Field archers!!! The Papago FITA Archers are hosting an World Ranking FITA Field shoot on February 28 and March 1. All FITA fields are two day shoots. The first day is unmarked, and marked on the second day. The tournament is being held at the wild and wickedly fun Usury Mountain Park Range. Check in times will be at 8, and the tournament shooting begins at 9.
Registering for the shoot is easy at .... 
https://event-manager.compete-at.com/papagoarchery

You can also check out the tournament at papagoarchery.com.


----------



## Dave T (Mar 24, 2004)

For anyone who shot the State Championship with Papago last October, this will be an entirely different set up on a different course.

FITA Field is one of the best games in archery so join us and give it a try.

Dave


----------



## pilotmill (Dec 10, 2008)

*Usury Range*

Is that a public range thats open to shoot at other time? I will be in PHX in the first week of Feb, looking maybe to get some shooting in. Would love to shoot some field while wife does her photo classes. Thanks in advance.


----------



## Dave T (Mar 24, 2004)

It is a public range, part of the Usery Mountain Park (Maricopa County Parks & Recreation). It is maintained as a NFAA Field range but we (Papago FITA Archers) use it to put on FITA Field events. We cover up the yardage markers and find new and interesting shooting positions (smile). It is probably the nicest properly maintained field range in Arizona.

Dave


----------



## pilotmill (Dec 10, 2008)

*shooting*

Very cool, I hope I get a chance to shoot out there.

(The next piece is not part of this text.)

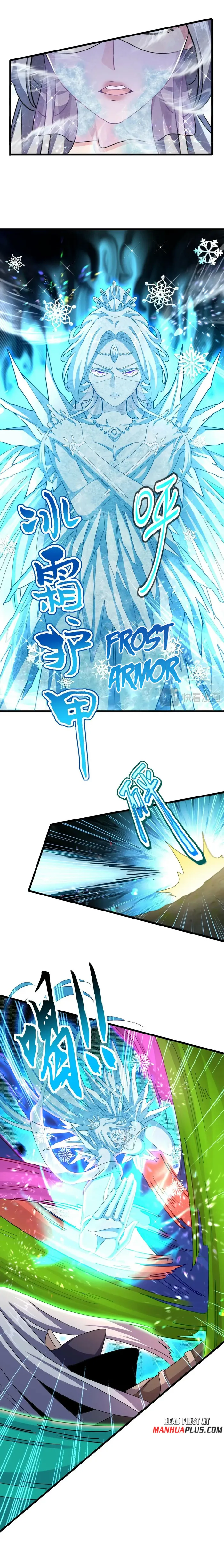 Magic Emperor Chapter 455 page 13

If I am in that week, perhaps you might want to shoot let me know. Plans will firm up later this week.thanks for the info. Garrie


----------



## WrongdayJ (May 22, 2008)

Please forgive my ignorance on this particular subject, but how is FITA Field different from standard Non-FITA Field? I'm simply not familiar in any way with FITA.


----------



## rpdjr45 (Jul 28, 2007)

FITA field is three shots vs. four per target. Twenty-four total targets per day over two days. First day is unmarked distances. Red markers are compound, and Olympic recurve; the blue markers are barebow, and yellow is for youth 8-17. The second day the distances are marked, and normally a little bit longer than the first day's unmarked distances. The only real difference in the target is that FITA has a yellow center. FITA scoring is 6,5,4,3,2,1. Size wise the targets are the same. The smallest is 20cm, then 40cm, then 60cm, and 80cm for distances 40 meters to 60 meters. Oh, and it is meters vs. yards.


----------



## WrongdayJ (May 22, 2008)

Actually, that does sound like more fun.

Thanks for the info!!

Not long ago I shot a Field round with Dave T (which I'll have to do again soon by the way. . .  ) , and he was saying that FITA field was a really great game. Now I see why.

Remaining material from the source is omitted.